Today, I took some time out of the middle of my day to write a post about midsummer, and shrubbery, and neutrality, and being, in so many ways, in the middle at the moment — quite literally as well as symbolically. We are, after all, midsummer, and our family is, at the moment, in transition. But just as I was about to post, the page froze and an error message flashed across it. Unfortunately, I was on borrowed time as it was and was not able to reconstruct the entire post. But I will at least share the photos that inspired it and try to give a quick summation of what I’d wanted to share.
**sigh** (gotta love technology some days…)

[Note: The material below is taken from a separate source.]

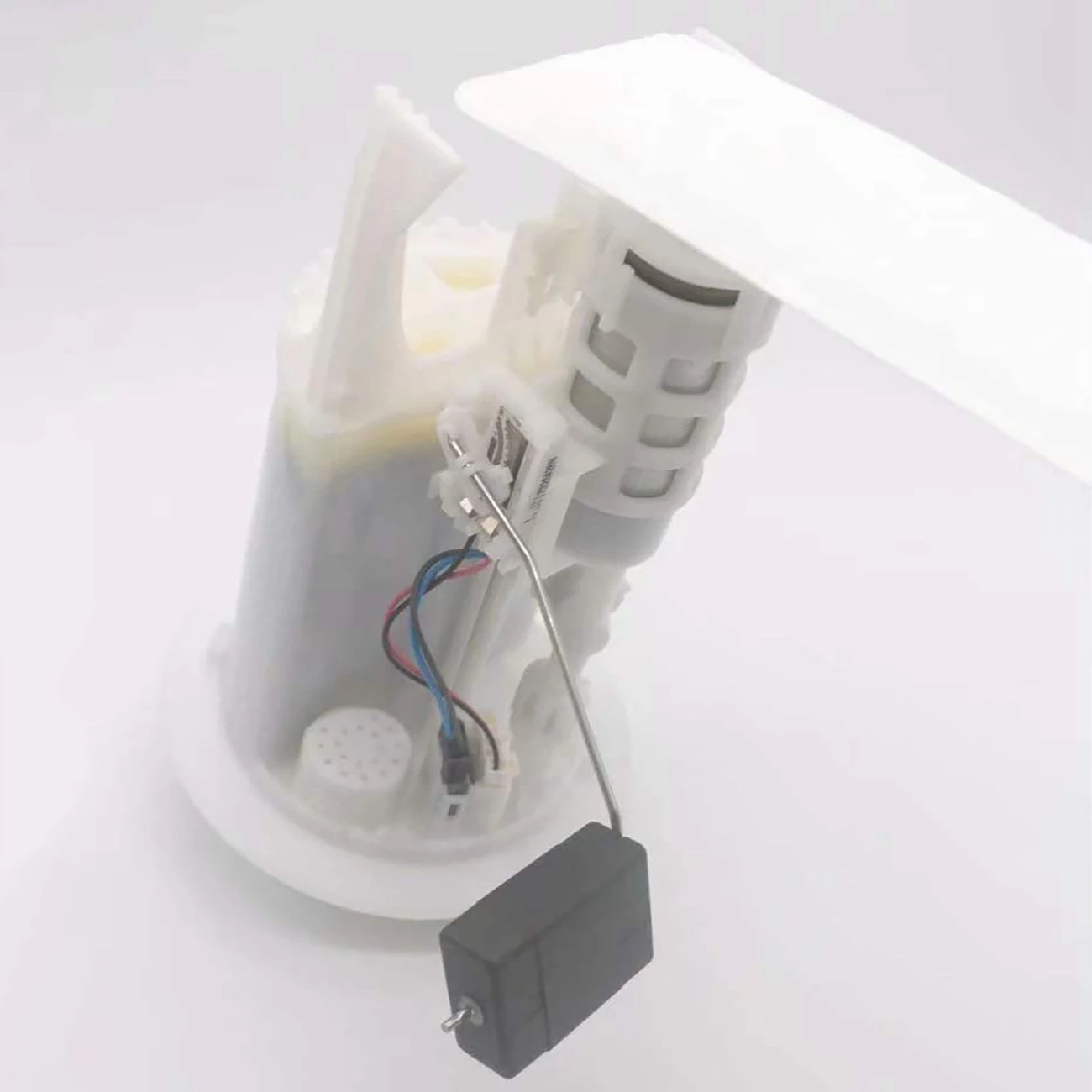 Электрический топливный насос в сборе фильтр подходит для Vios 2014 77020-0D180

So, why is it that the shrubs are so often overlooked, and yet, in their own way, they are every bit as deserving of a second glance as the most beautiful flower, are they not? I am guilty as charged of sometimes walking past them, but never without noticing, and recently, I even stopped to snap their photo. They were ever so gracious about the whole thing. But honestly, I think they rather enjoy their lot of being unobtrusive, shade-loving, quiet splashes of green. They live for not being noticed, for remaining neutral.
I feel like the shrubs right now. I am feeling neutral as I position myself for change. I am not a shrub by nature. I am a bright-colored flower always looking for sun and the beauty of other flowers. Sometimes I find it, sometimes not, but I’m always looking. However, for now it’s the shrubs with which I identify, and gladly so. I just want to stay still a while, to rest up a bit, to get ready for what’s next. Because I’m not entirely sure what that is, I am finding solace in the cool dirt, the leaves above that are offering shade, and the chance to watch others walk past on their way to somewhere else. I need this time of quiet settling.
I think we all need times to just be shrub-like. And as it turns out, being green isn’t so bad after all.